Nottingham Trent University places second in innovation awards

Food science students from Nottingham Trent University have taken the silver prize and £1,000 at this year’s Ecotrophelia Food Innovation Student Awards

In this exclusive video interview, filmed at the Campden BRI open day, Caruffle team member Sarah Kelly discussed the challenges involved with pulling their product together – a truffle made from carob and hazelnut, with a mixed fruit jelly centre and rolled in popped and ground quinoa.

“I think key thing for us [the Caruffle team] is we all work full-time as well as doing our studies,” she explained. “We go to university one day a week and we work five days a week – so trying to pull the whole product together, the challenges you face with the product and then [members of the team] living in different areas and trying to find the time to fit it all in I think is a big achievement altogether.”

Valuable lessons

Commenting on the competition, Kelly said she and her team had learned valuable lessons from their experiences with the Judges,

“When your faced with all these people [the judges] at once, it teaches you how to hold yourself, talk and come across as a team present yourself well,” she added.

Now in its seventh year, Ecotrophelia UK is a Dragons’ Den-style competition that challenges teams of UK students to develop an innovative, eco-friendly food and drink product.

Dragons

From idea generation through to the final packaged product, the teams get a hands-on experience of what it takes to bring an eco-friendly food or drink product to market.

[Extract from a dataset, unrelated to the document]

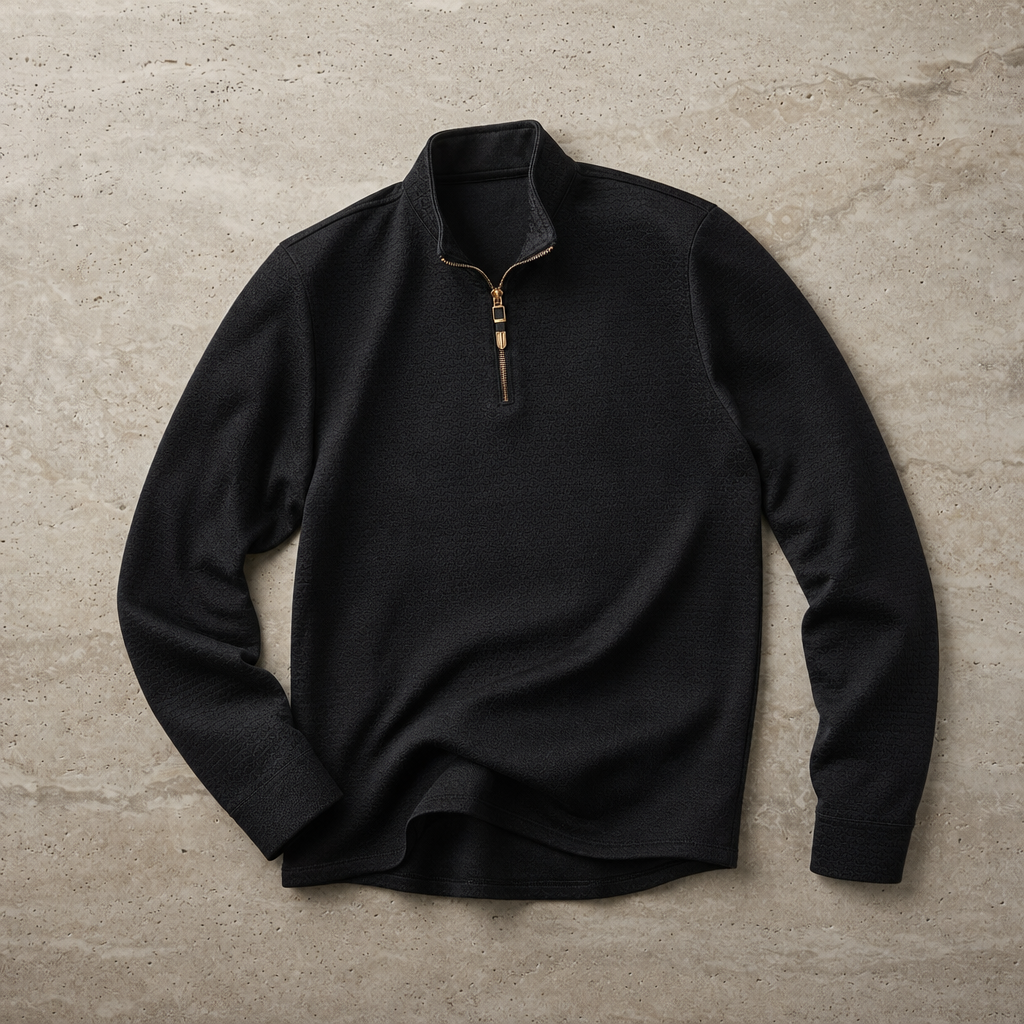 Chios Textured Quarter-Zip Pullover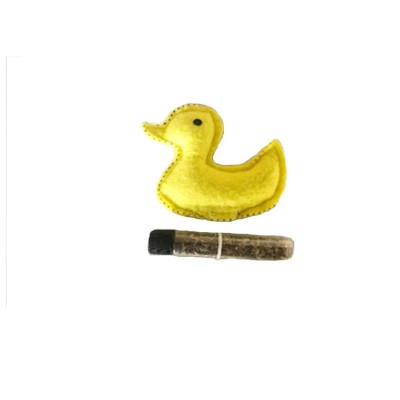 cute duck  shape Catnip Inside  cat Toy with tumbler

The finalists pitched their products on 11 ​June to 11 judges – or dragons. For the full list of dragons, click here​.

Venergy – a team from the University of Reading took the gold prize at this year’s competition with its novel lemon and lime flavoured energy sweet, announced on 12 ​June at Campden BRI’s annual open day at the organisation’s headquarters at Chipping Campden, Gloucestershire. The award was presented by one of the dragons, Lindsay Dobson, senior research and development manager at prize sponsor PepsiCo.